===== Data to examine
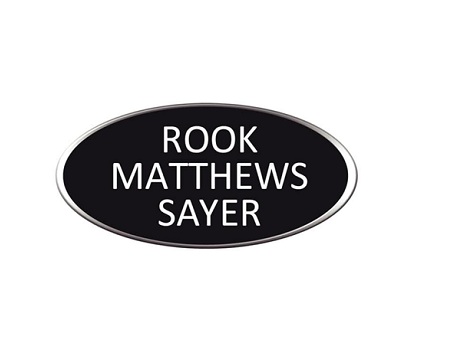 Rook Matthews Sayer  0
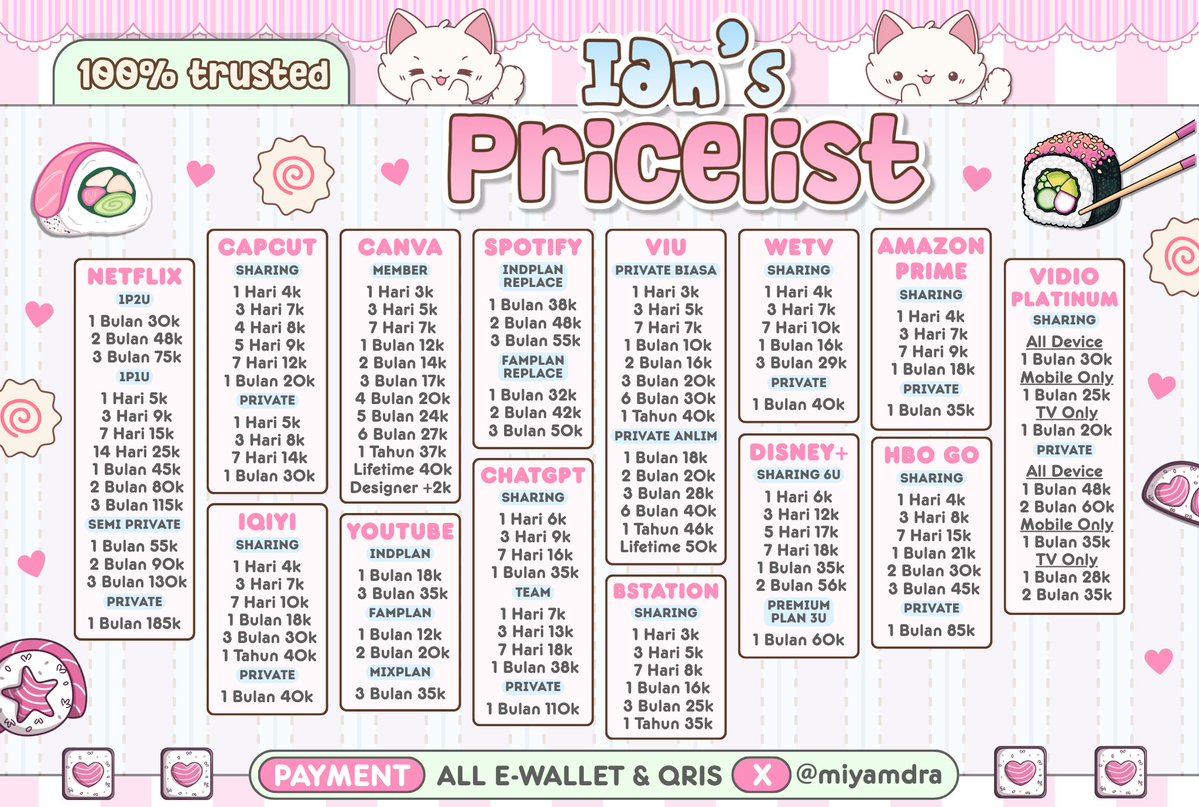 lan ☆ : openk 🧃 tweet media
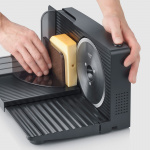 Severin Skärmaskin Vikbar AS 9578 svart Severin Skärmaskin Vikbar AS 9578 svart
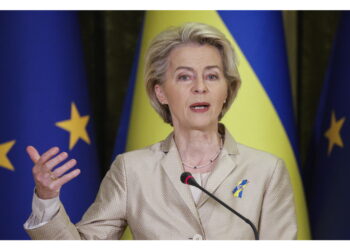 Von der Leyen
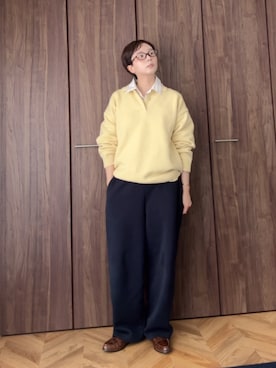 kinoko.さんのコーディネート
==========
===== Data to examine
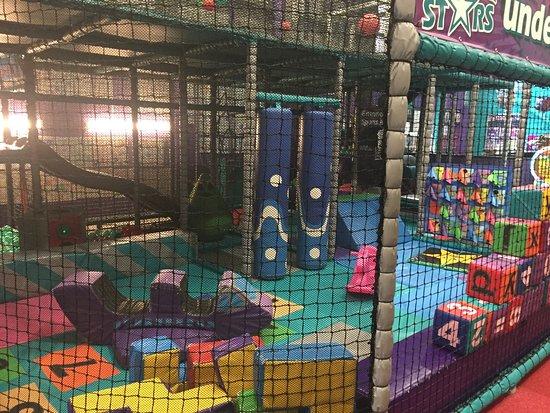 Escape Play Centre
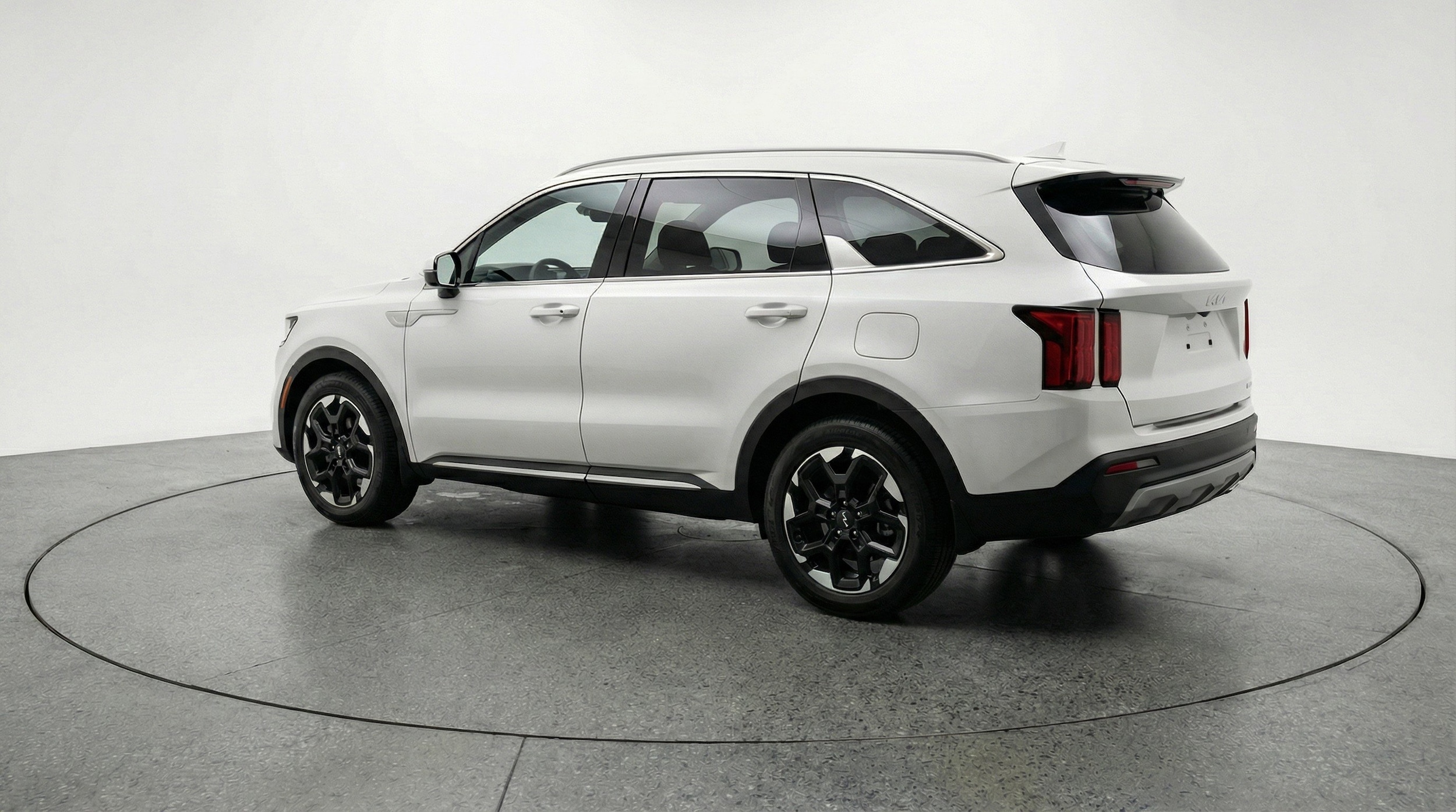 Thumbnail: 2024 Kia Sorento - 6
==========
Excluding any pictures, print exactly the lines of the listing above from the line with "Rook Matthews Sayer" to the line with "kinoko.さんのコーディネート", both ends included.

* **Task solution**:
 Rook Matthews Sayer  0
 lan ☆ : openk 🧃 tweet media
 Severin Skärmaskin Vikbar AS 9578 svart Severin Skärmaskin Vikbar AS 9578 svart
 Von der Leyen
 kinoko.さんのコーディネート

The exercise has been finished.